── Extracted data
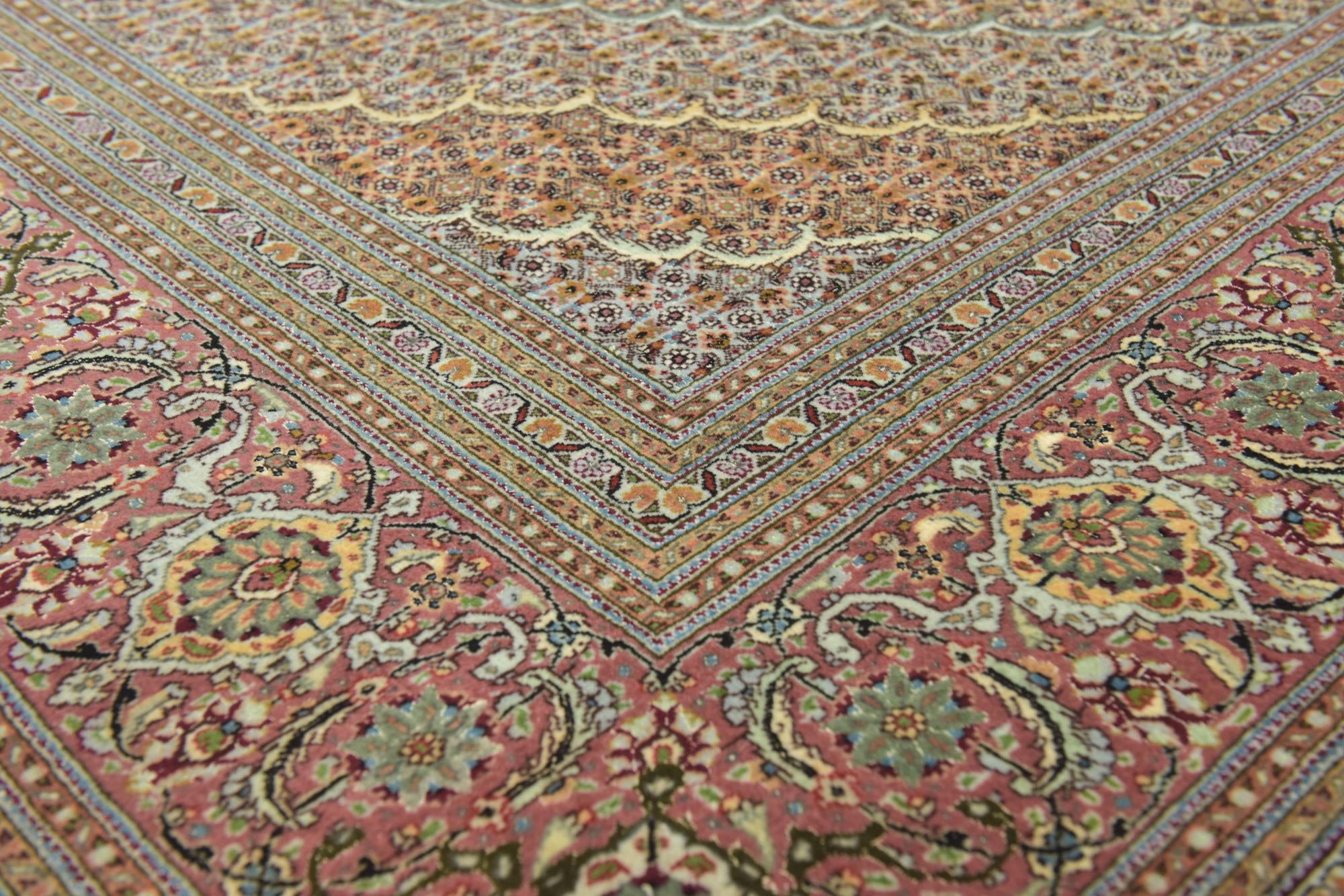 8' 1 x 11' 6 Hand Knotted Tabriz Persian Rug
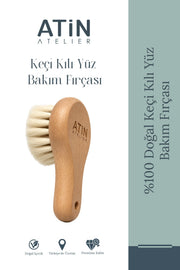 Keçi Kılı Yüz Bakım Fırçası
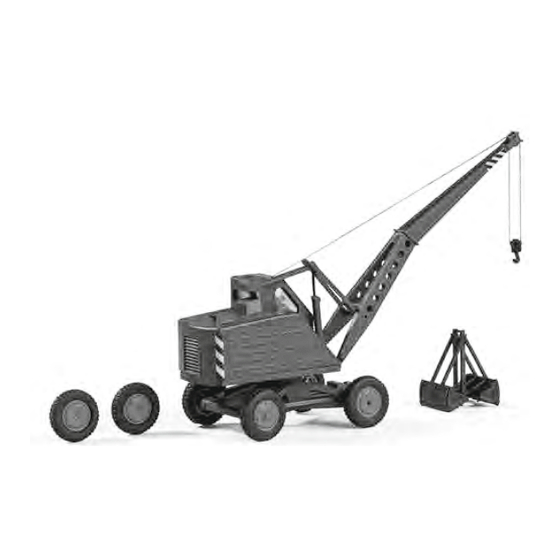 Auhagen Lader T172 Quick Assembly Instructions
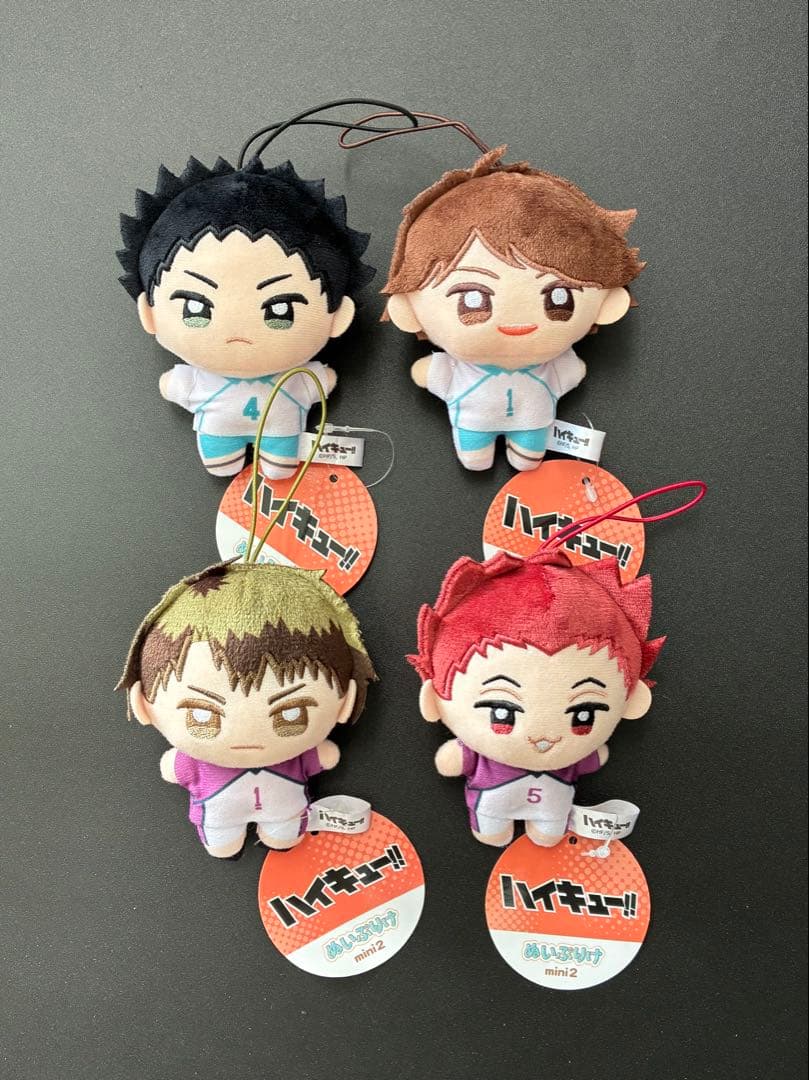 ハイキュー！！ ぬいぷりけ mini2 全4種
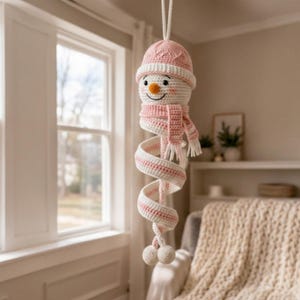 Crochet Spinning Snowman Pattern PDF, Christmas Amigurumi Ornament, Twister Snowman Crochet Tutorial, Hanging Holiday Decor 
Snowman Crochet Pattern PDF, Christmas Amigurumi Ornament, Spiral Hanging Decor Tutorial, Instant Download 
Crochet Spinning Snowman Pattern PDF, Christmas Amigurumi Ornament, Twister Wind Spinner Crochet Tutorial, Hanging Holiday Decor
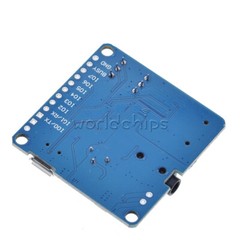 5W Voice Playback Module MP3 Player I/O Trigger UART Control SD/TF Card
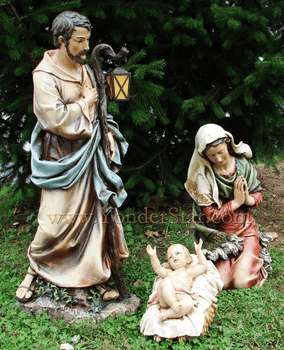 Large outdoor nativity set Large outdoor nativity set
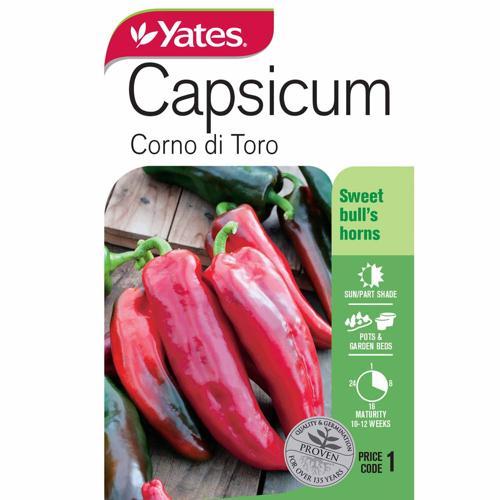 Capsicum 'Corno Di Toro' Seeds - Yates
────
# [Task details]
Every line from the one holding "Snowman Crochet Pattern" to the last line of the listing above, inclusive, must appear exactly as written, and no picture may appear.

# [Answer to the exercise]
Snowman Crochet Pattern PDF, Christmas Amigurumi Ornament, Spiral Hanging Decor Tutorial, Instant Download 
Crochet Spinning Snowman Pattern PDF, Christmas Amigurumi Ornament, Twister Wind Spinner Crochet Tutorial, Hanging Holiday Decor
 5W Voice Playback Module MP3 Player I/O Trigger UART Control SD/TF Card
 Large outdoor nativity set Large outdoor nativity set
 Capsicum 'Corno Di Toro' Seeds - Yates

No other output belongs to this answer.